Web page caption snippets
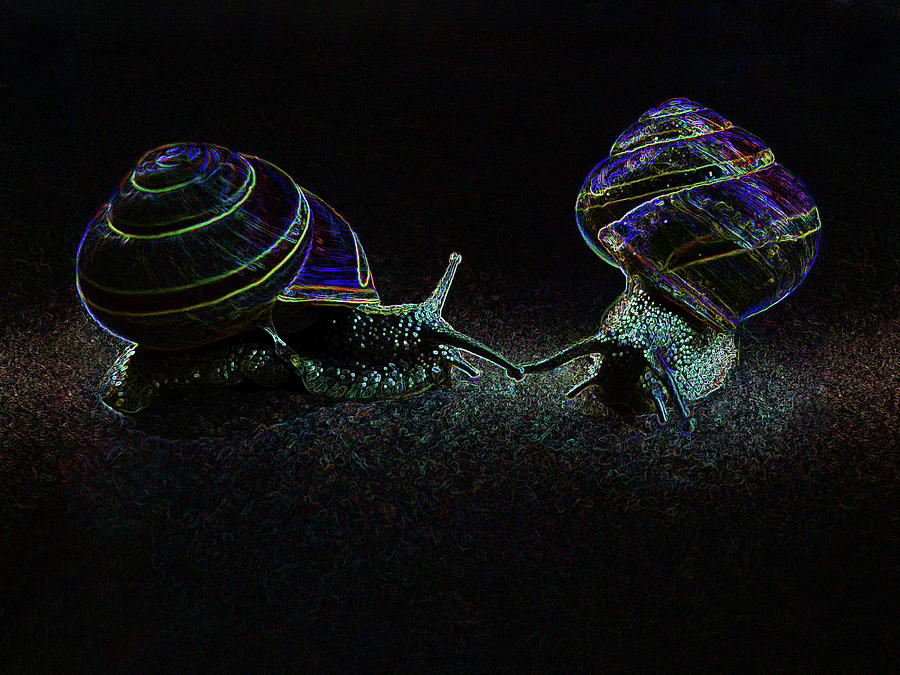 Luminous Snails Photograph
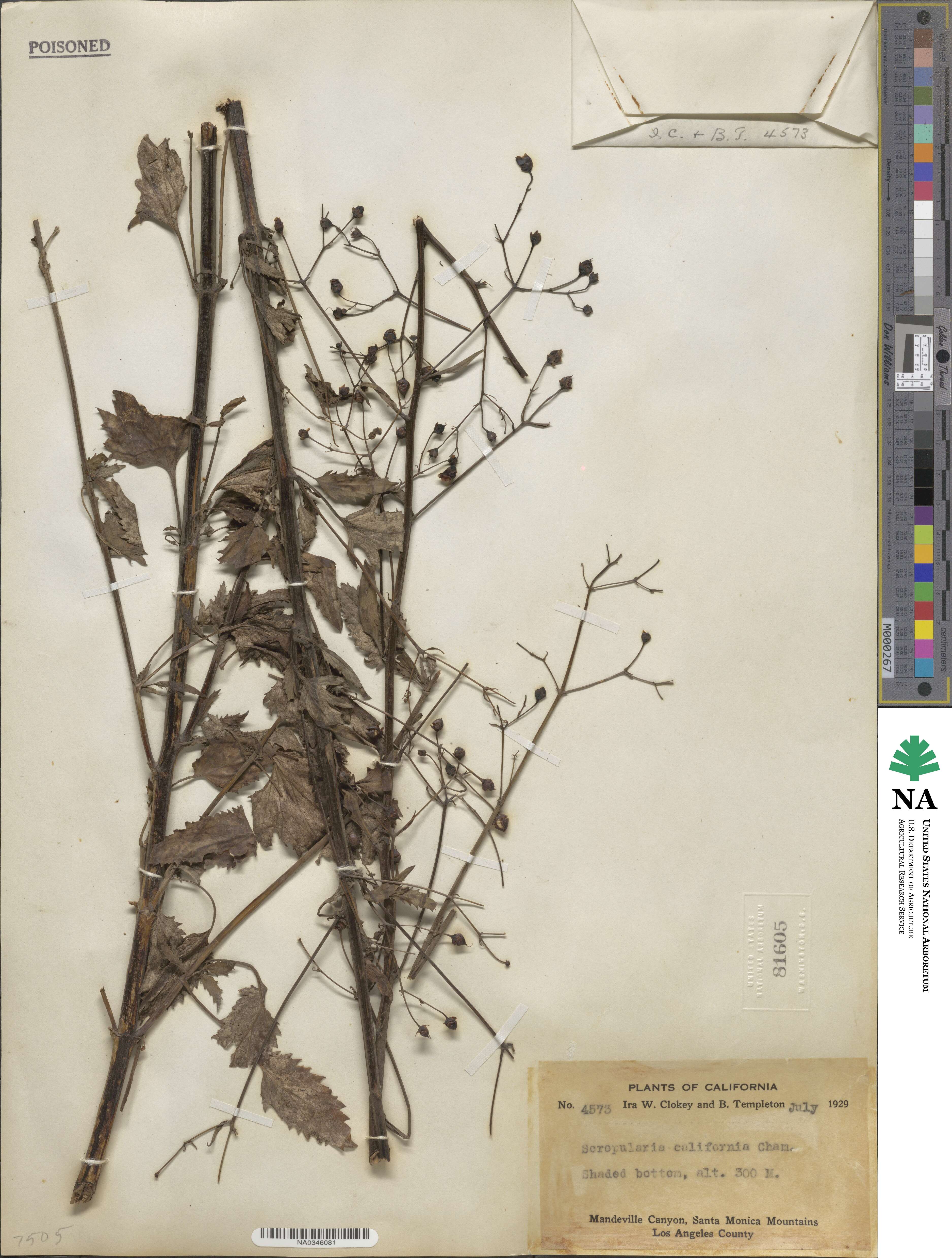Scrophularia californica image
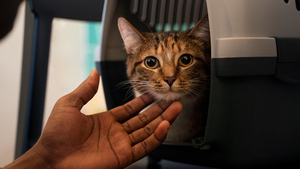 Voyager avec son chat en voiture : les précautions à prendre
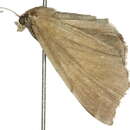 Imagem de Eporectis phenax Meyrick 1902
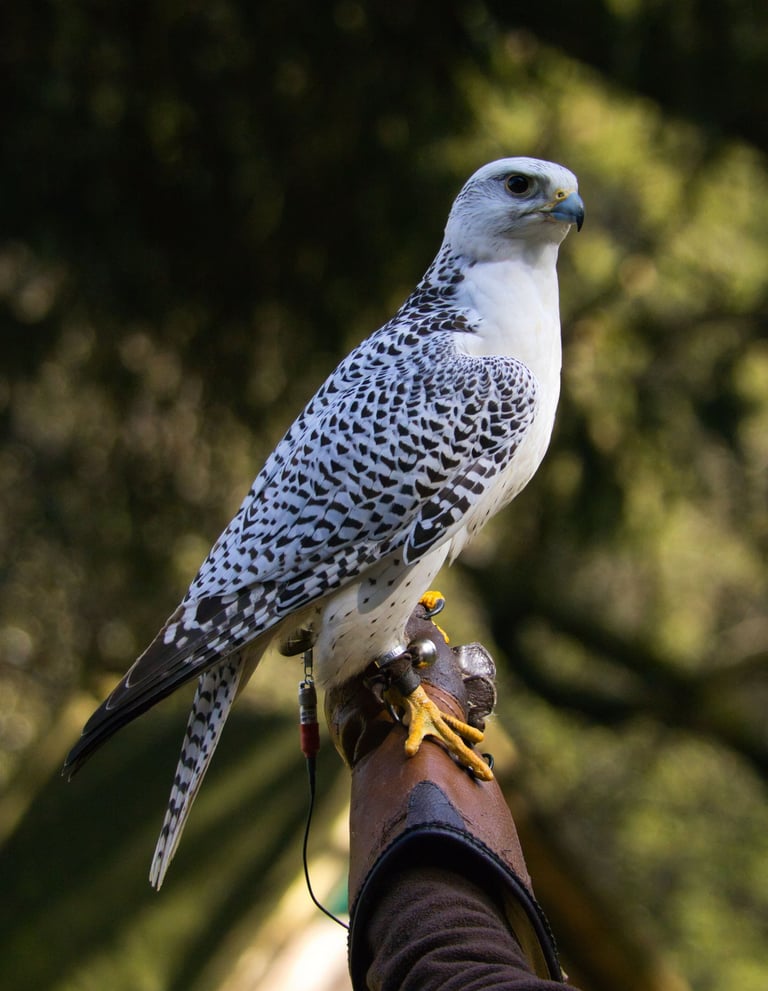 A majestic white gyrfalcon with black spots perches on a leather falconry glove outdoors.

▸ **Task requirements**
Copy all the entries above exactly as they stand, except for the pictures.

▸ **Finished task**
 Luminous Snails Photograph
Scrophularia californica image
 Voyager avec son chat en voiture : les précautions à prendre
 Imagem de Eporectis phenax Meyrick 1902
 A majestic white gyrfalcon with black spots perches on a leather falconry glove outdoors.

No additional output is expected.